Rep. Denny Heck (D-WA), another leading sponsor of the Act, cites a security guard who was killed during an attempted robbery at a Colorado cannabis dispensary to highlight the dangers inherent to cash-heavy businesses. He forwards his belief that providing industry operators with a mechanism for depositing profits in regulated financial institutions will enhance the government’s ability to both supervise and audit the industry.
Before the House vote, the Act’s lead sponsor, Rep. Ed Perlmutter (D-CO), shared that – to his mind – the people have already spoken via their passage of cannabis initiatives at the state level. Perlmutter, in fact, amended his bill to include protections for Federal Reserve banks and to require that the federal government study diversity and inclusion related to the cannabis industry. The amendment passed via voice vote, and it addresses a critical concern of legalization advocates who seek to mitigate the racially disproportionate damages wrought by the war on drugs.
There were additional amendments also adopted through voice votes:
First Things First
Most legalization advocates agree that legislation regarding the SAFE Banking Act is an important first step in a necessarily-ongoing attempt to bridge the gaping divide between state and federal cannabis laws. Justin Strekal, the Political Director of the National Organization for the Reform of Marijuana Laws (NORML), says the bill addresses an unsustainable tension between state and federal players. Strekal places the blame for this glaring disconnect squarely on federal marijuana criminalization, which he characterizes as a mission failure that is also discriminatory. Ongoing Congressional actions, he says, are required in “order to bring the vibrant marijuana economy out of the shadows.”
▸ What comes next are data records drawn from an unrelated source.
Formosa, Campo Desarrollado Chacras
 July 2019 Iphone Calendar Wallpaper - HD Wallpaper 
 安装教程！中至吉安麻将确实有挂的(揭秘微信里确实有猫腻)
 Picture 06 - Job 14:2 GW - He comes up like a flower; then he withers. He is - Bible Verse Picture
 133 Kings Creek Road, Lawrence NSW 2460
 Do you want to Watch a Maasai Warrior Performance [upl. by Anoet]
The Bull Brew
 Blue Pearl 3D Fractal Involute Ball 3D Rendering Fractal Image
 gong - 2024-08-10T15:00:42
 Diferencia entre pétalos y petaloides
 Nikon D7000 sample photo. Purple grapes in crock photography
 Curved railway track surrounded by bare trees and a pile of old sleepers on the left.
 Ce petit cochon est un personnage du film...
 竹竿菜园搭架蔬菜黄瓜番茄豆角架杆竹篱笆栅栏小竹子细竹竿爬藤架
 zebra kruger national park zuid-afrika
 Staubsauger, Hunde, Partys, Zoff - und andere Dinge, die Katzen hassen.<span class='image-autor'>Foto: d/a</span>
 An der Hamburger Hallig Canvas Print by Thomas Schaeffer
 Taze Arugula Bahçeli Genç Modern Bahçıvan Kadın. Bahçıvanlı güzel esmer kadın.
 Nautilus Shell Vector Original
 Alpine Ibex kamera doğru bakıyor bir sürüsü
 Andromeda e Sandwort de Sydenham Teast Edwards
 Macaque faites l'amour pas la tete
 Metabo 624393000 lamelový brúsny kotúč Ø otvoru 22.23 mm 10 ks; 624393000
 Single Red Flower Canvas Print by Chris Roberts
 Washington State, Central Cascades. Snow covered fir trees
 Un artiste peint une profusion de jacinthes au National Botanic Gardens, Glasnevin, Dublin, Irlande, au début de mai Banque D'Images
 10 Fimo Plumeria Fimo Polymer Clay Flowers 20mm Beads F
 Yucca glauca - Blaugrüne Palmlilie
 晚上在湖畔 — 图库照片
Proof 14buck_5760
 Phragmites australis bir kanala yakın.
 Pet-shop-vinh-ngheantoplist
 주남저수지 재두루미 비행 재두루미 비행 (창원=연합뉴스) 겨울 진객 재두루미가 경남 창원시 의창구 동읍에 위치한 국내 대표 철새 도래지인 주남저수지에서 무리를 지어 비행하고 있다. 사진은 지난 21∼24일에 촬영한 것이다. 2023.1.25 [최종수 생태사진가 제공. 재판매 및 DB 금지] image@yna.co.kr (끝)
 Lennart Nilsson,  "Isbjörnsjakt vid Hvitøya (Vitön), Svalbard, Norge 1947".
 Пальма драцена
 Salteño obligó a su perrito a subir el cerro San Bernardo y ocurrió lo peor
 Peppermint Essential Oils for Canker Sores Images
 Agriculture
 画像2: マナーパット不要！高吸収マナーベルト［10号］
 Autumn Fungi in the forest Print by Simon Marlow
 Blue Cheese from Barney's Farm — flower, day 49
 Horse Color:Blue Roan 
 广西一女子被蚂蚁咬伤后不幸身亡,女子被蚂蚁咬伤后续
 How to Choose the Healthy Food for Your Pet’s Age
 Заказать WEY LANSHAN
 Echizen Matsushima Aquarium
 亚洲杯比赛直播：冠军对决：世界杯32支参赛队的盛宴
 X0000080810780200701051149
Legalization advocates nearly unanimously view the recent bill as a positive move, and they hope that it will continue to gather momentum. Rep. James McGovern (D-MA), the House Rules Committee Chairman, shared his intention that legislation to end federal prohibition entirely will follow quickly in the next several weeks . (McGovern’s staff later clarified that, during the interview in which he said this, McGovern was intending to share his thoughts on the SAFE Banking Act, not ending federal prohibition entirely). He thinks it will have no trouble passing on the House floor – with what could include “a lot of Republicans.” A strong bipartisan showing, he says, would go a long way toward increasing “pressure on the Senate to do something.”
SAFE is expected to clear the House easily, but the Senate will be a bigger challenge. Sen. Jeff Merkley (D-OR) and Sen. Cory Gardner (R-CO) just introduced SAFE in the Senate, with the support of 20 cosponsors, which is a great start; However, it is uncertain, though, whether it will ever emerge from committee or receive a vote on the Senate floor.But there is some good news, Treasury Secretary Steve Mnuchin recently called on Congress to provide a legislative fix for the banking issues facing the cannabis industry. “There is not a Treasury solution to this. There is not a regulator solution to this,” he said. “If this is something that Congress wants to look at on a bipartisan basis, I’d encourage you to do this. This is something where there is a conflict between federal and state law that we and the regulators have no way of dealing with.”
President Trump took a federalist view during his 2016 election campaign and supported the right of states to legalize marijuana, declaring he “personally” supports medical cannabis. Since the election, he has not made any major comments. The President did sign the 2018 Farm Bill—which legalized industrial hemp after decades of the crop being caught up in broader cannabis prohibition. Many insiders expect that if SAFE can survive the Senate, and a bipartisan bill reaches his desk, the President is likely to sign it.